### What to do
Reproduce the records starting at the line that contains "Under Armour Kids Black Sherpa Fleece Vest" and running to the last line, exactly and in full.

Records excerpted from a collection
%%
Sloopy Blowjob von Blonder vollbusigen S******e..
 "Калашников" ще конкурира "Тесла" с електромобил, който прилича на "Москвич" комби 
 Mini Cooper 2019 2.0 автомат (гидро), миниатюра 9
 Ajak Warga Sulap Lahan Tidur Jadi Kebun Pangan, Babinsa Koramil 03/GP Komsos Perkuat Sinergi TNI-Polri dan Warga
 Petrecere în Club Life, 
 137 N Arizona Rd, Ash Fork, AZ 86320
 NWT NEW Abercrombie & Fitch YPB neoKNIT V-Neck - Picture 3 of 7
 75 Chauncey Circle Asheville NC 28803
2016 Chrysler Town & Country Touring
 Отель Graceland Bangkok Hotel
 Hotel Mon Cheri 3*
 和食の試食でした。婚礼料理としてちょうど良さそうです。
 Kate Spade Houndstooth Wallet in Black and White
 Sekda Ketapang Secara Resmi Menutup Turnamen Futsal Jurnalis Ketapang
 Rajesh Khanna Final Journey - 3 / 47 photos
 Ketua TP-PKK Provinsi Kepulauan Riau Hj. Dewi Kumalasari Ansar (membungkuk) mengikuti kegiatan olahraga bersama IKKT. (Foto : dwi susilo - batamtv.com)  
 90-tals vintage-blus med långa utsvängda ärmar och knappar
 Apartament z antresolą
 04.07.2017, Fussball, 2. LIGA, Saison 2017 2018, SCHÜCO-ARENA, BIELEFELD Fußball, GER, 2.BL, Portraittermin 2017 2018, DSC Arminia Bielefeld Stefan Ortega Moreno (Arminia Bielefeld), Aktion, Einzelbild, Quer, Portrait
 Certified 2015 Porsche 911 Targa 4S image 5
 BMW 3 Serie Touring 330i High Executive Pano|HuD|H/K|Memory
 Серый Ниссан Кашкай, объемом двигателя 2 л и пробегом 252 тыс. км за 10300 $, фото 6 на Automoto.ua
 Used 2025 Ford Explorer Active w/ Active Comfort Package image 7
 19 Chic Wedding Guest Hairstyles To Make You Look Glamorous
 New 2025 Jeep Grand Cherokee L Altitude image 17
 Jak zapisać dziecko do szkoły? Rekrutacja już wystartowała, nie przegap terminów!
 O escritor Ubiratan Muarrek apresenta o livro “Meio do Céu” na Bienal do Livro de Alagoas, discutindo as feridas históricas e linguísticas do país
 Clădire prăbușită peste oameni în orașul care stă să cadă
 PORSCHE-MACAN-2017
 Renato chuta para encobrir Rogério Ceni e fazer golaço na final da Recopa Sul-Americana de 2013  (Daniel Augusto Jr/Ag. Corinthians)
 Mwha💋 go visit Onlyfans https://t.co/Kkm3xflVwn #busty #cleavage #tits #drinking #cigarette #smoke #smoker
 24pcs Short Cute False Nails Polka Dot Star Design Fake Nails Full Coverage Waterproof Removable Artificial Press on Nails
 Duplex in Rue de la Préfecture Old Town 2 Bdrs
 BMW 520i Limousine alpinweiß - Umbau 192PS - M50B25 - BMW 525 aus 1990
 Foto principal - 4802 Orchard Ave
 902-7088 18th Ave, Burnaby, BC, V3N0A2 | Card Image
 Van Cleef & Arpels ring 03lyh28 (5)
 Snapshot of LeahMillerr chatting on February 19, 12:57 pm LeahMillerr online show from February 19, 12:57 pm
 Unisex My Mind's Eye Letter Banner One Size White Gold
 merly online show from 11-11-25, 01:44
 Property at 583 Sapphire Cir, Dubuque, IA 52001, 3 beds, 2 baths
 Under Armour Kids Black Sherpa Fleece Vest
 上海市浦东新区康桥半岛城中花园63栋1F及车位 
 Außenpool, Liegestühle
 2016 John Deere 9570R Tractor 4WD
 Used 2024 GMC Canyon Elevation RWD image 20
%%
### Response to this exercise
 Under Armour Kids Black Sherpa Fleece Vest
 上海市浦东新区康桥半岛城中花园63栋1F及车位 
 Außenpool, Liegestühle
 2016 John Deere 9570R Tractor 4WD
 Used 2024 GMC Canyon Elevation RWD image 20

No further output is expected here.